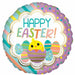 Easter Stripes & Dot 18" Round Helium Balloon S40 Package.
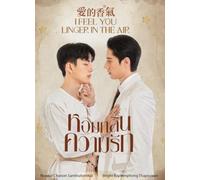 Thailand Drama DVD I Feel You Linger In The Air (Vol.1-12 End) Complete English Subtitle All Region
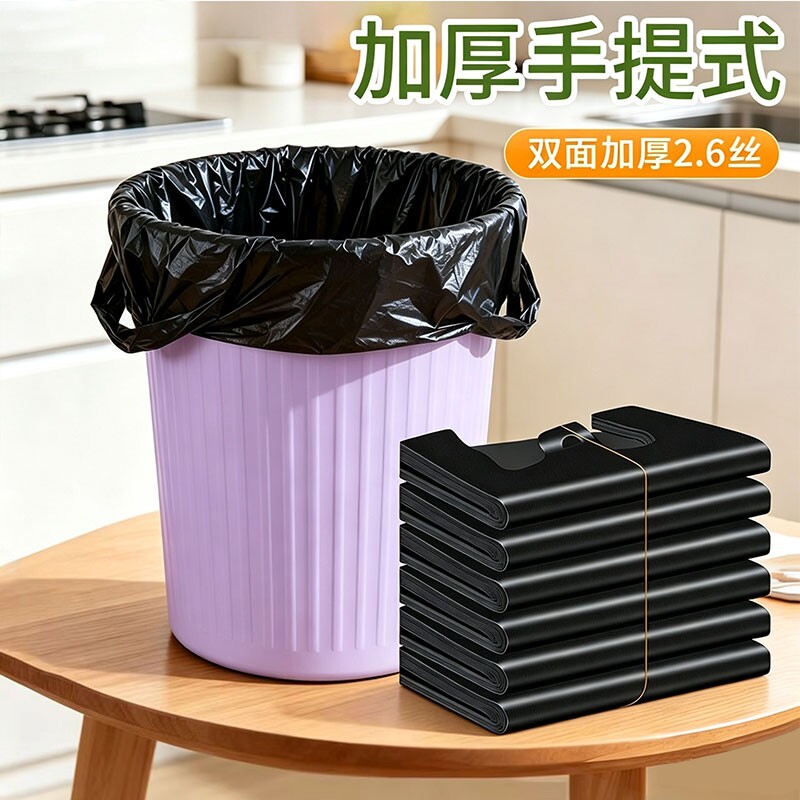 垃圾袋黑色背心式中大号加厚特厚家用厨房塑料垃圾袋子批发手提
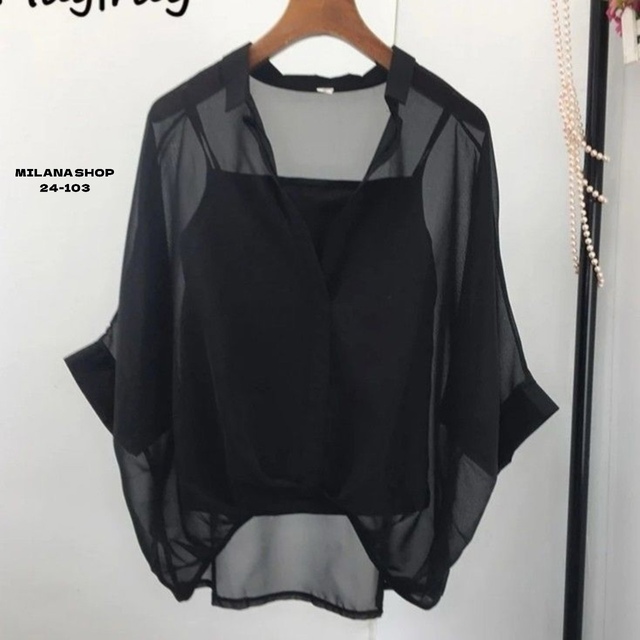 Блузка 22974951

========================================

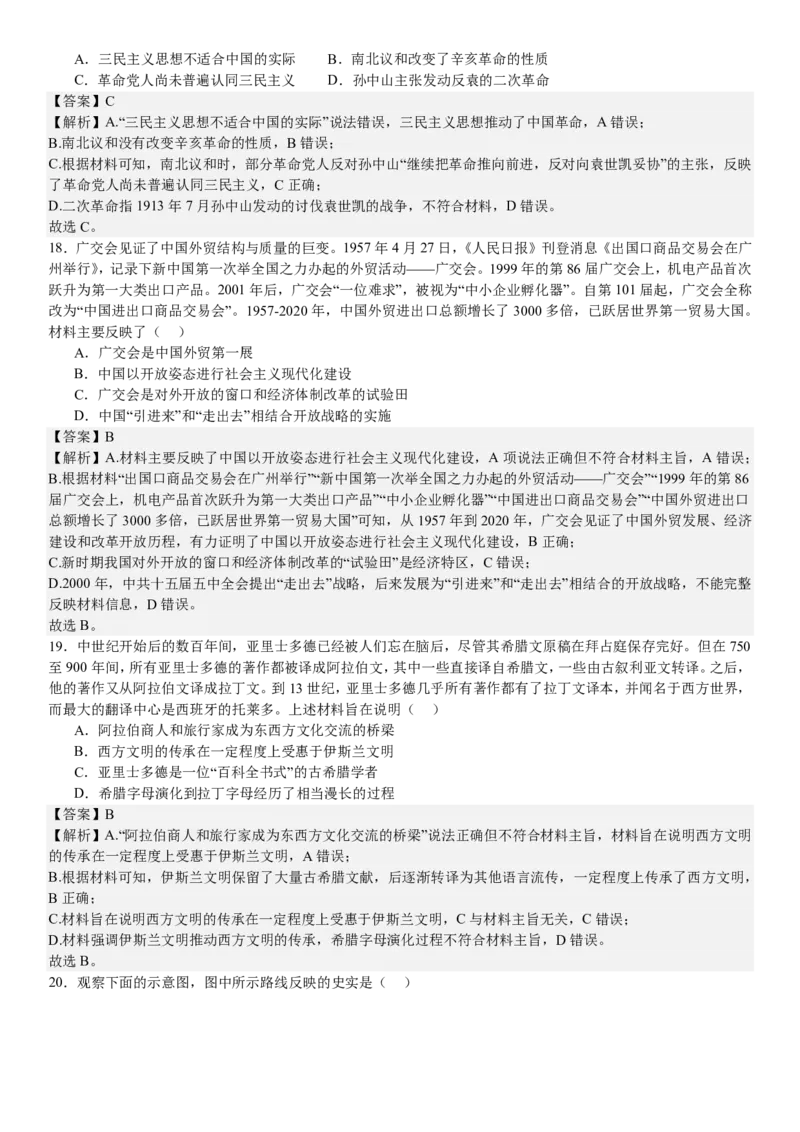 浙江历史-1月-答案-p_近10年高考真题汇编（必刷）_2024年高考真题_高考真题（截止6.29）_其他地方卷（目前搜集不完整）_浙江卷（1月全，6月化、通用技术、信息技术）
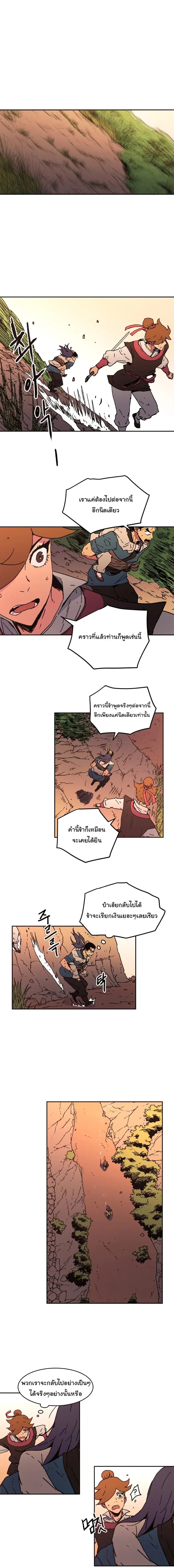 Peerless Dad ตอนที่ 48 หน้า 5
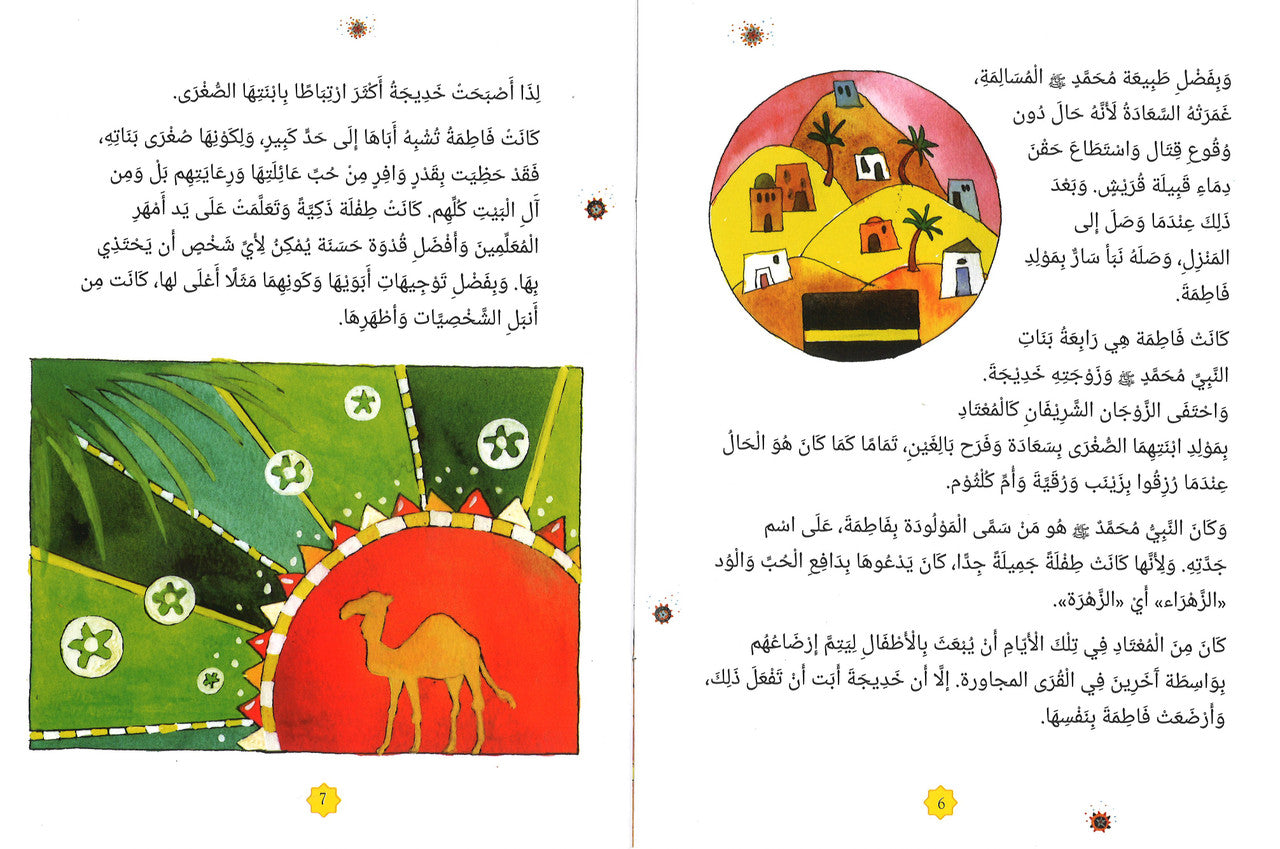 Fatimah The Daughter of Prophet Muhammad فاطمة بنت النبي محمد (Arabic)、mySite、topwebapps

========================================

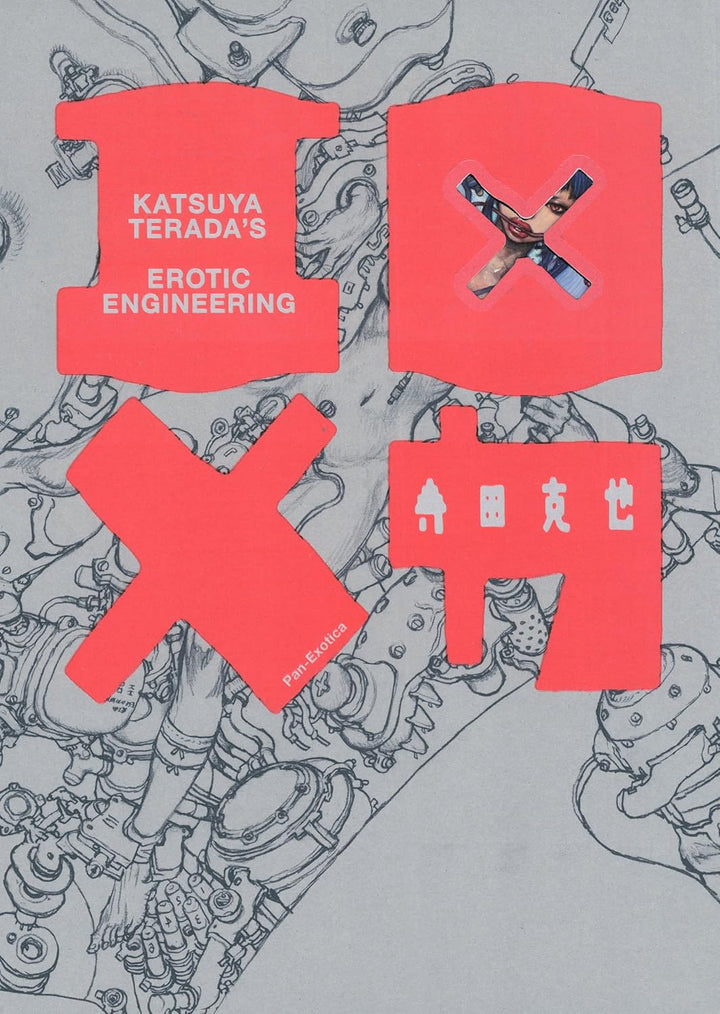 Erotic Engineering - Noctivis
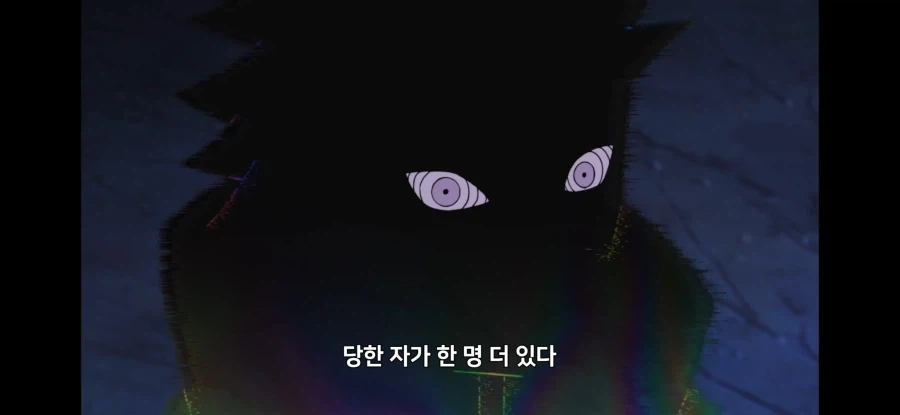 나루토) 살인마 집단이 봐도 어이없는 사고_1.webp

========================================

Set the pictures aside and retype exactly the lines above from the line with "Easter Stripes &" to the line with "Блузка 22974951", both included, adding no others.

- ANSWER AREA:
 Easter Stripes & Dot 18" Round Helium Balloon S40 Package.
 Thailand Drama DVD I Feel You Linger In The Air (Vol.1-12 End) Complete English Subtitle All Region
 垃圾袋黑色背心式中大号加厚特厚家用厨房塑料垃圾袋子批发手提
 Блузка 22974951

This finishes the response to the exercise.